Die Klägerin trägt die Kosten des Rechtsstreits.
Das Urteil ist vorläufig vollstreckbar.
Die Klägerin darf die Vollstreckung durch Sicherheitsleistung oder Hinterlegung in Höhe von 110 % des aufgrund des Urteils vollstreckbaren Betrages abwenden, wenn nicht der Beklagte vor der Vollstreckung Sicherheit in Höhe von 110 % des jeweils zu vollstreckenden Betrages leistet.
Die Klage wird abgewiesen.
2Die Klägerin trägt die Kosten des Rechtsstreits.
3Das Urteil ist vorläufig vollstreckbar.
4Die Klägerin darf die Vollstreckung durch Sicherheitsleistung oder Hinterlegung in Höhe von 110 % des aufgrund des Urteils vollstreckbaren Betrages abwenden, wenn nicht der Beklagte vor der Vollstreckung Sicherheit in Höhe von 110 % des jeweils zu vollstreckenden Betrages leistet.
5Tatbestand
6Die Parteien streiten um Schadensersatzansprüche aufgrund eines Verkehrsunfalls, der sich am 14.09.2019 in Mülheim an der Ruhr ereignete.
7Die Haftung des Beklagten für die unfallbedingten Schäden dem Grunde nach war vorprozessual zwischen den Parteien unstreitig. Die Haftpflichtversicherung des Beklagten, I AG, regulierte vorprozessual Reparaturkosten i.H.v. 3.001,71 €, Nutzungsausfall i.H.v. 472,00 €, eine Kostenpauschale i.H.v. 25,00 € sowie Anwaltskosten i.H.v. 474,50 €. Streitig sind zwischen den Parteien nunmehr die Sachverständigenkosten.
8Das Fahrzeug der Klägerin wurde in ihrem eigenen Kfz-Sachverständigenbüro J von dem bei ihr beschäftigten Sachverständigen Herrn J2, ihrem Ehemann, begutachtet. Hierfür stellte die Klägerin unter ihrer Firma L am 28.10.2019 einem Betrag von netto 697,60 € bzw. brutto 830,40 € in Rechnung. Die Reparatur selbst erfolgte anschließend im Autohaus D GmbH & Co. KG. Trotz anwaltlicher Zahlungsaufforderung wurden die Sachverständigenkosten nicht ausgeglichen.
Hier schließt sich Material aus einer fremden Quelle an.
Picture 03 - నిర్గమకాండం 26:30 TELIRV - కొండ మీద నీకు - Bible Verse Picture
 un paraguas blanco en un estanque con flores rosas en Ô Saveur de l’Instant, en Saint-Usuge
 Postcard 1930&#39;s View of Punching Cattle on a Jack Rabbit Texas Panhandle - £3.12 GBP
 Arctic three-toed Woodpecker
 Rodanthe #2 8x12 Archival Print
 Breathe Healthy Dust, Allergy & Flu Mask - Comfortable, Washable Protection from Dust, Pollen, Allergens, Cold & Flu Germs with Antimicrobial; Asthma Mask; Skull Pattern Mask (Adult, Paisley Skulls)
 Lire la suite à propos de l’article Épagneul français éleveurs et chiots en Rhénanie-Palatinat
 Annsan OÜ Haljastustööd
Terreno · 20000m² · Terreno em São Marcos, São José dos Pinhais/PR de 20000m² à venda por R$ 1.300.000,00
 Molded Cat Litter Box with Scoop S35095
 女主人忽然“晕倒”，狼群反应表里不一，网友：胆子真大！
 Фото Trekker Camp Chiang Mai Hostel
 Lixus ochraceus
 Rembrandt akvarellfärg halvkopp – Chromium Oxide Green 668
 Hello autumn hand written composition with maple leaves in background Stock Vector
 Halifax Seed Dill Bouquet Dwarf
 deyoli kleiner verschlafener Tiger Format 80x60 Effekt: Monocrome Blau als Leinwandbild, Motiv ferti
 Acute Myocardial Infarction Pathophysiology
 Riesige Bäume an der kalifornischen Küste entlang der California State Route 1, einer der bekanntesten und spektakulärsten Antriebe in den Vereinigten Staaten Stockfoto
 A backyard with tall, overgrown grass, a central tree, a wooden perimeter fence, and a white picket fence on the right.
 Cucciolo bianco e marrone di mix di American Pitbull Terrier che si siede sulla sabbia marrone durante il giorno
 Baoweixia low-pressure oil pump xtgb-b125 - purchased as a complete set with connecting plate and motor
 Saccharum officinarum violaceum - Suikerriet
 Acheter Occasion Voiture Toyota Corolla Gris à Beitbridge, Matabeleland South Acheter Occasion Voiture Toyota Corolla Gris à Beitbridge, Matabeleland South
9Die Klägerin ist der Ansicht, die geltend gemachten Kosten von netto 697,60 € seien in voller Höhe erstattungsfähig. Es bestehe auch kein Interessenkonflikt hinsichtlich des Sachverständigen J. Die in Rechnung gestellten Kosten entsprächen den marktüblichen und angemessenen Kosten. Das Sachverständigengutachten sei fachgerecht und mangelfrei erstellt worden. Es seien Reparaturkosten i.H.v. 3.194,31 € netto bzw. 3.801,23 € brutto angefallen. Die Klägerin sei selbstverständlich auch Eigentümerin des Fahrzeugs.
10Die Klägerin beantragt,
11den Beklagten zu verurteilen, an sie 697,60 € nebst Zinsen in Höhe von 5 Prozentpunkten über dem Basiszinssatz seit dem 14.11.2019 zu zahlen.
12Der Beklagte beantragt,
13die Klage abzuweisen.
14Der Beklagte bestreitet das Eigentum der Klägerin mit Nichtwissen. Der Beklagte ist der Ansicht, die Kosten für das Sachverständigengutachten seien nicht erstattungsfähig. Die Klägerin sei infolge einer Konfusion schon gar nicht mit einer Verbindlichkeit belastet. Das Sachverständigengutachten sei darüber hinaus auch unbrauchbar. Der betraute Gutachter habe sich als Angestellter und zudem Ehemann in einem Interessenkonflikt befunden. Das Gutachten sei darüber hinaus auch mängelbehaftet. Es seien allenfalls unfallbedingte Schäden i.H.v. 3.001,71 € netto angefallen. Zudem sei die Höhe der Kosten für das Gutachten nicht ordnungsgemäß berechnet worden.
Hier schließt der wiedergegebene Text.